In 2022 and 2023, AgNext and Stackhouse-Lawson were featured in JBS-sponsored content (n.d., 2022a, 2023) in The Wall Street Journal and Politico, as well as a JBS-sponsored Reuters webinar (JBS sponsored content 2022b). These advertisements do not mention that Stackhouse-Lawson is a former JBS executive and refer to her only by her academic affiliation with CSU. AgNext included the JBS sponsored content in The Wall Street Journal and Politico under the “AgNext in the News” section of its newsletters (AgNext 2022, 2023f).
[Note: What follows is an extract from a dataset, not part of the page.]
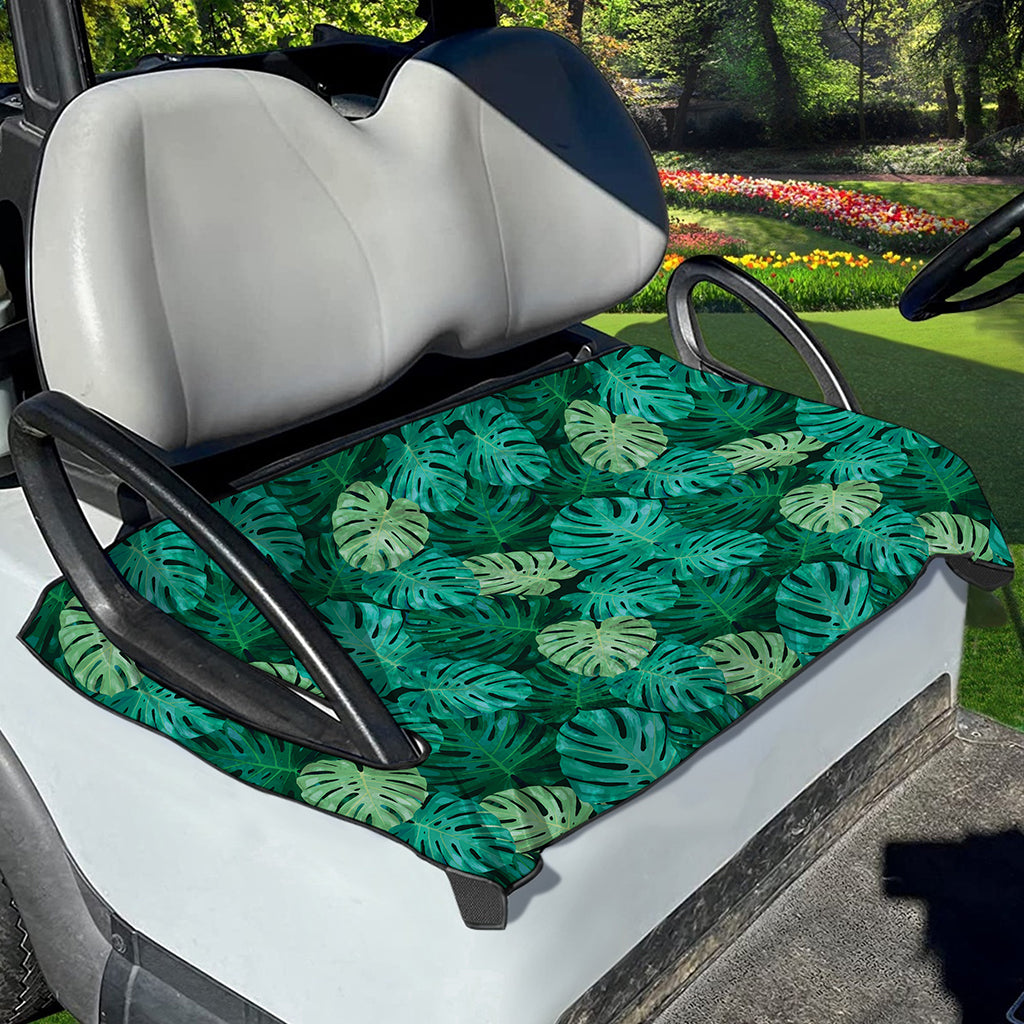 Green Tropical Monstera Pattern Print Golf Cart Seat Cover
3.7 A systematic evaluation of Mitloehner and Stackhouse-Lawson

In addition to the descriptive work above and in the tables, we evaluated Mitloehner and Stackhouse-Lawson according to a set of 20 questions that we developed aimed at better understanding the nature, extent, and impacts of individual researchers’ relationships with industry funders. Mitloehner received a score of 19 and Stackhouse-Lawson a score of 15, both of which indicate possible concerns about the independence of the researcher. (For answers and supporting evidence for all 20 questions, see ESM 1.)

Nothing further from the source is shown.